Posted 2018-09-15 11:11 AM (#7407973 - in reply to #7407860) Subject: RE: Equine Acupunture, do or don't
I had it done on a horse that wouldn't sweat. I had tried everything else. It WORKED! Nothing is a fix all, sometimes different methods work sometimes they don't. But if I ever get one that quits sweating again it will be my first option!

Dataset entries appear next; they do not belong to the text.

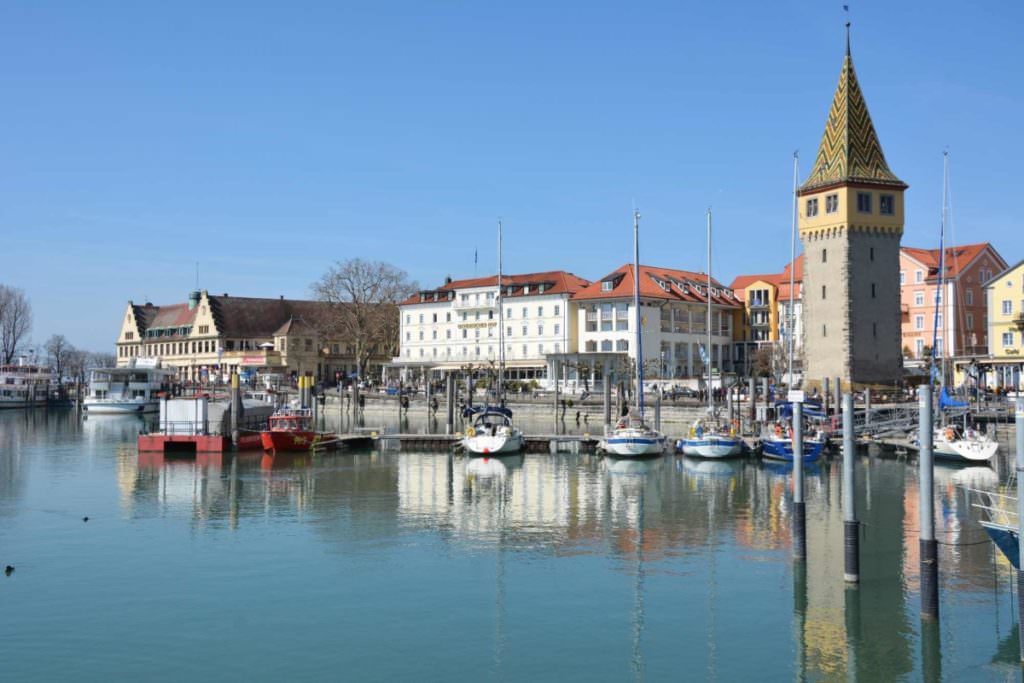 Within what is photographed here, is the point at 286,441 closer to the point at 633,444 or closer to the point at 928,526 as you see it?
the point at 633,444

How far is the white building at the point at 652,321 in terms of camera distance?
3802 inches

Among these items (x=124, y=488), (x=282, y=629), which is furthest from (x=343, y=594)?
(x=124, y=488)

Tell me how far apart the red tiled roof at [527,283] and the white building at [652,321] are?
85.0 inches

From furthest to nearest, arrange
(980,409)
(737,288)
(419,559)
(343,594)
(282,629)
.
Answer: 1. (737,288)
2. (980,409)
3. (419,559)
4. (343,594)
5. (282,629)

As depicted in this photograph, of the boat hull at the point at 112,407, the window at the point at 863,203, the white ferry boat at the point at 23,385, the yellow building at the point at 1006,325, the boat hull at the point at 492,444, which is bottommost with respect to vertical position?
the boat hull at the point at 492,444

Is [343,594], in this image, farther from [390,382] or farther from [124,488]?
[390,382]

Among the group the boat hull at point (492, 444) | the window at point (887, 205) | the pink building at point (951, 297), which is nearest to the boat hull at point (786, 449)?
the boat hull at point (492, 444)

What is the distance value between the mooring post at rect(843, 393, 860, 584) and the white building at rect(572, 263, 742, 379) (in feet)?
237

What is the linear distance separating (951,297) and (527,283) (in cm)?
4123

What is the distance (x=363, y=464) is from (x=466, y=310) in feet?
200

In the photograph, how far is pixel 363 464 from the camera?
4988cm

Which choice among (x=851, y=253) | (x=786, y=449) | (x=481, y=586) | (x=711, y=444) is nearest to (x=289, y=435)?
(x=711, y=444)

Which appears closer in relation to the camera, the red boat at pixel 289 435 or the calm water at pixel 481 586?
the calm water at pixel 481 586

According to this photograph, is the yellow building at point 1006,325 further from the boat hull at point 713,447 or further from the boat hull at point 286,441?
the boat hull at point 286,441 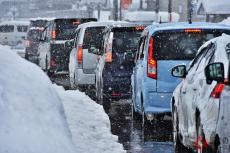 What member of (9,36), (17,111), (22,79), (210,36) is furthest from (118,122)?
(9,36)

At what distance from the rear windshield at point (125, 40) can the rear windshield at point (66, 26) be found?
10.1 meters

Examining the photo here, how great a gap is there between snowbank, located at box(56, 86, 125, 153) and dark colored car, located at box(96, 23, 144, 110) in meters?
1.73

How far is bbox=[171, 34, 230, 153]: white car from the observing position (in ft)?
23.7

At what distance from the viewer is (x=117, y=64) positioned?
1570 centimetres

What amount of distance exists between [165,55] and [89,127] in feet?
7.82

Posted 2018-09-15 1:43 PM (#7407979 - in reply to #7407860) Subject: RE: Equine Acupunture, do or don't
Location: Displaced Iowegian
I used acupuncture for many years. Dr. Ralph Johnson (Interlaken Clinic) in MN was one of the first equine Vets to use acupuncture back in the early 70s. He spent many months in China researching and learning the techniques. The first horse that I took to him for a friend was lame in the left back at a trot and canter. He showed no lameness at a walk. When I unloaded him, I asked if he wanted me to trot him out . He told me to just take him into the clinic and he started examining him. When he "barely" touched the horse just above the "cinch" area on the left side, the horse went to the floor in the back. He commented .... "a little sore in the left back hock ????" and laughed. He put the needles in along the back and a couple of other places. When he was finished the horse trotted off sound and never took another lame step at home ...... Over the years, I took several more horses to him!
Posted 2018-09-15 4:04 PM (#7407981 - in reply to #7407860) Subject: RE: Equine Acupunture, do or don't
I absolutely believe it can help along with chiropractic. My first experience with acupuncture was a stud that was sored up so bad in his loin area he couldn't breed mares. Bute or banimene did nothing. I was recommend a track vet that practiced holistic medicine, chiropractic and acupuncture. I figured I had nothing to lose and had customer's mares that needed to be covered. We tried breeding an hour before he got there - no go. After an acupuncture session (no chiropractic or drugs) - the stud was back to breeding mares. It sold me on it, and I've continued to use it along with other forms of treatment. Half of the times when I would have Dr. Mitchell in Bristow work on a horse, he would stick a few needles in me too. It's not going to fix everything, but it helps as part of a medical toolbox.
Posted 2018-09-18 8:48 AM (#7408161 - in reply to #7407860) Subject: RE: Equine Acupunture, do or don't
Thank you all for the replies. We have a recovered laminitic pony, who I'm sure is sore as can be after months of recovering from laminitis. I think message would be best but the vet we have coming out on Wednesday only does Chiro and acupunture.